Netflix: The Bitter Tears of Petra Von Kant is almost entirely in one room and just a couple or three camera angles in that room. If I remember correctly there may be a couple of short scenes elsewhere.
Rope actually has several visible cuts, in the sense that the camera angle noticeably changes, and that’s not even counting the opening shot, which is set outside the apartment building. We hear a man yell and the camera approaches a window on the top floor, then cuts to the interior where the victim has just expired.
Timecode is impressive because it does the feature-length single-shot conceit while also using multiple locations with many scenes occurring in the van as they follow the heist crew from one area to another. The movie itself, though, is dumb dumb dumb.
Coincidentally enough, Farley Granger, star of “Rope” (as well as the infinitely better “Strangers on a Train”) died today:
http://www.variety.com/article/VR1118034555?refCatId=25&query=Farley+Granger
Ouch.
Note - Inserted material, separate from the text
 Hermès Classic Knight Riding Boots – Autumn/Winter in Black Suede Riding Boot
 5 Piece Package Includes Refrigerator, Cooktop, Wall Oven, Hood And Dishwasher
Never saw the movie but I sort of wish you had mentioned them shooting horses in it =( I had to stop watching it.
They shoot extended sequences, don’t they?
Rouben Mamoulian’s name prompted me to offer Isn’t It Romantic from Love Me Tonight.
No, it’s not one take or one shot–just skillful editing that uses one song. Beginning in cynical Maurice Chevalier’s Paris tailor shop & ending with Jeanette McDonald on the balcony of a chateau.
These are all Hollywood films. There are lots of absolutely wonderful tracking shots that have been left out. Theo Angelopoulos, Tarkovsky, Herzog (wonderful shots in Fitzcarraldo, for instance), Visconti (Il Gattopardo), Polanski (Cul-de-sac), Satyajit Ray, Alain Resnais (Last year in Marienbad), Bela Tarr (Werkmeister Harmonies) etc. have all made wonderful tracking shots. Not entire films, though, but certainly long enough to qualify for such a list.
And don’t forget this beauty from Soy Cuba!